DIRECTIONS: Would you output the entries below only from the line containing "New Ergon GP2-L" through the line containing "Lucy the PUNK ROCK DACHSHUND Tapestry", exactly as they stand and with both ends included?

EXERCISE MATERIALS:
____________

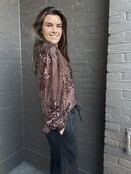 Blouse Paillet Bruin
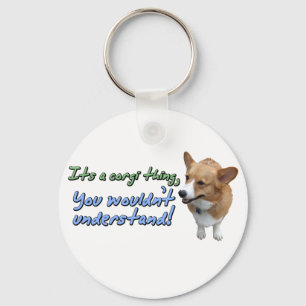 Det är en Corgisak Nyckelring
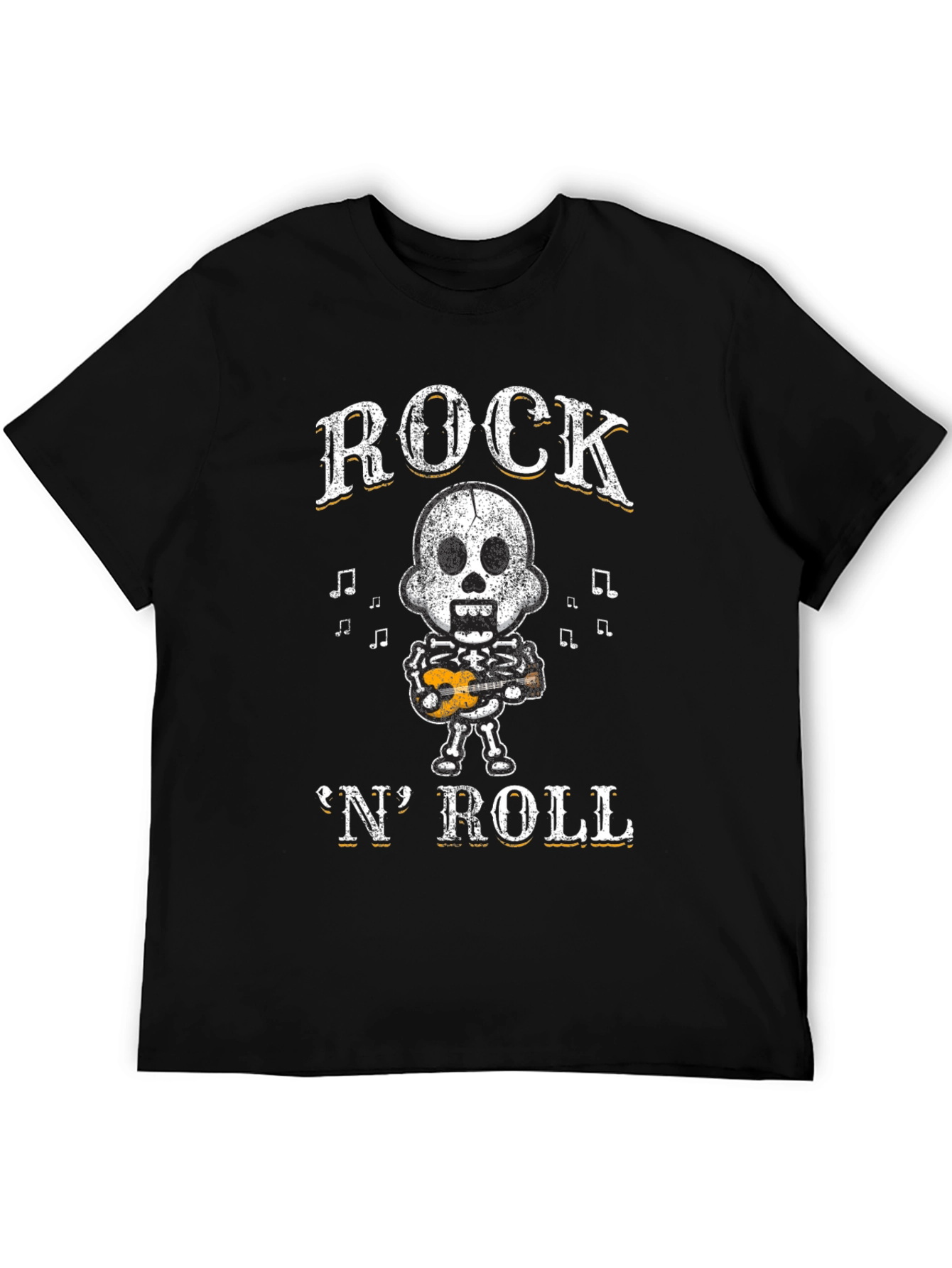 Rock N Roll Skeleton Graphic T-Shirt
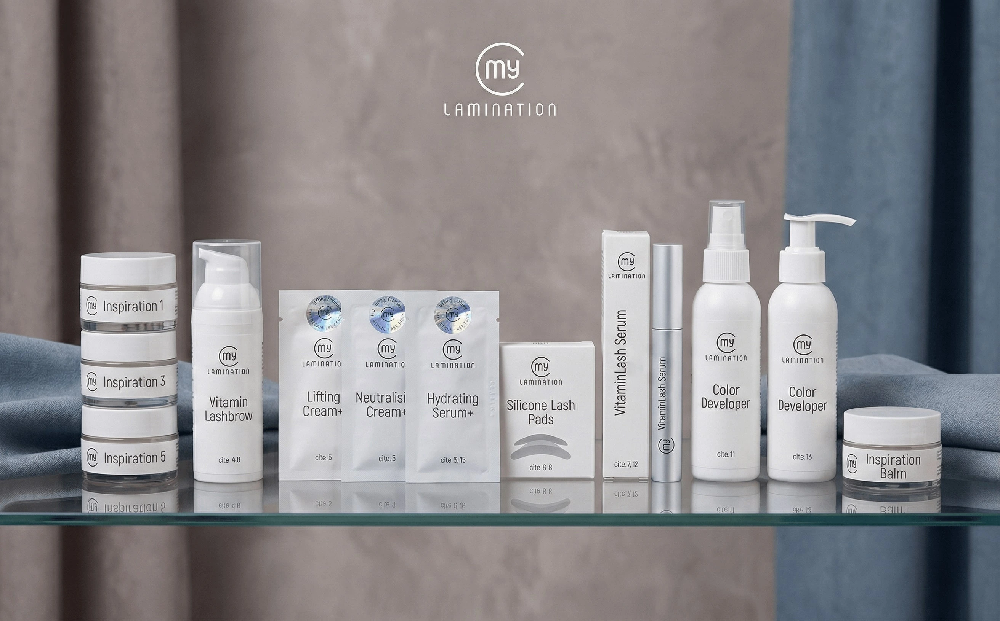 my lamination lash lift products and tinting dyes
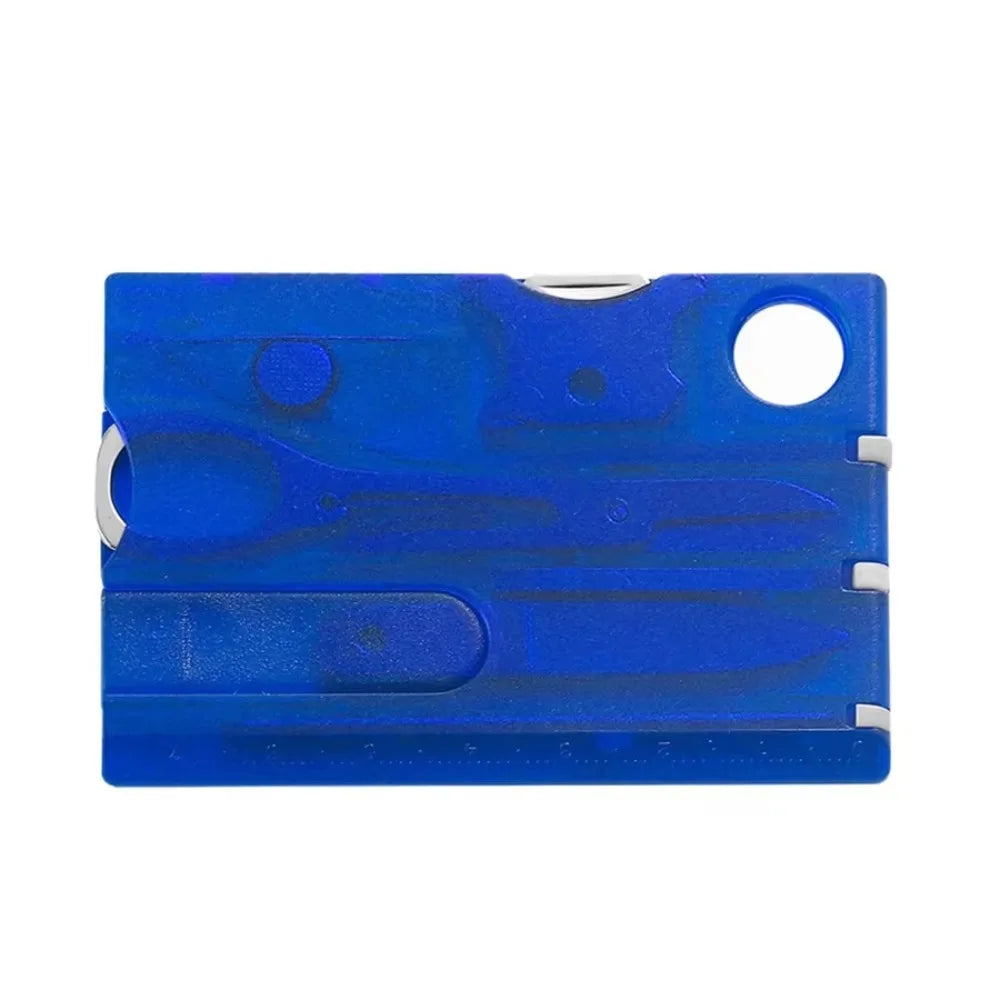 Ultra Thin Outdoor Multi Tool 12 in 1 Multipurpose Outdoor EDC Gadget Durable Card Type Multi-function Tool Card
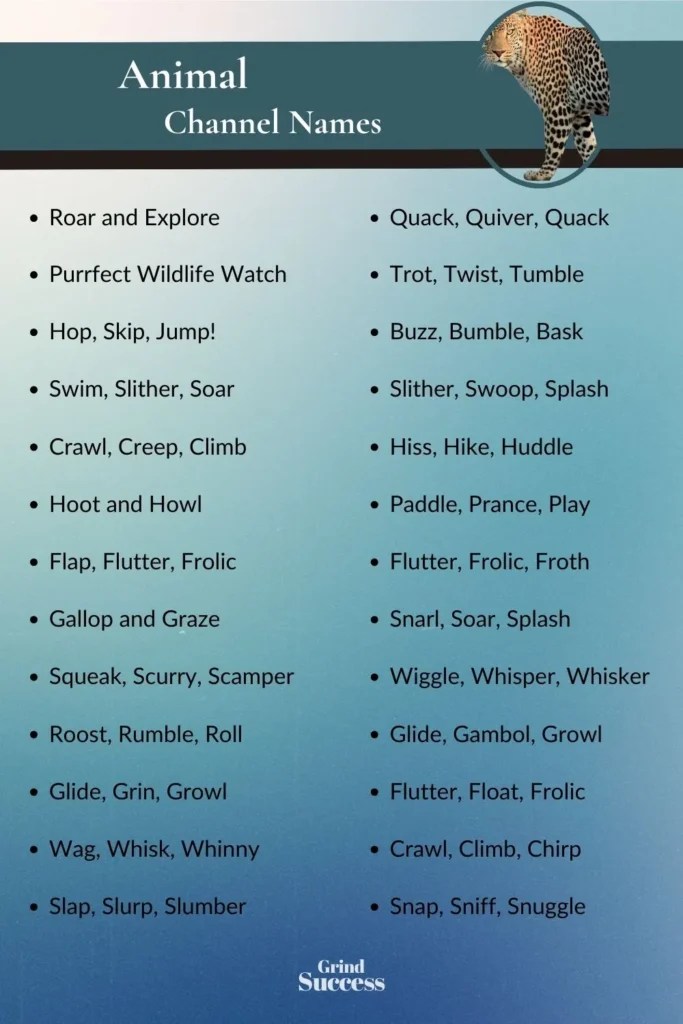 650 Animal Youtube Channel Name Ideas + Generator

____________

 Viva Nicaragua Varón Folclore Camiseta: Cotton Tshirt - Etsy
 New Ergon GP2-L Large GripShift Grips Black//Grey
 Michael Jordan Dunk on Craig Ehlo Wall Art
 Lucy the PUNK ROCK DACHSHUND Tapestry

____________

SOLUTION FOR THIS TASK:
 New Ergon GP2-L Large GripShift Grips Black//Grey
 Michael Jordan Dunk on Craig Ehlo Wall Art
 Lucy the PUNK ROCK DACHSHUND Tapestry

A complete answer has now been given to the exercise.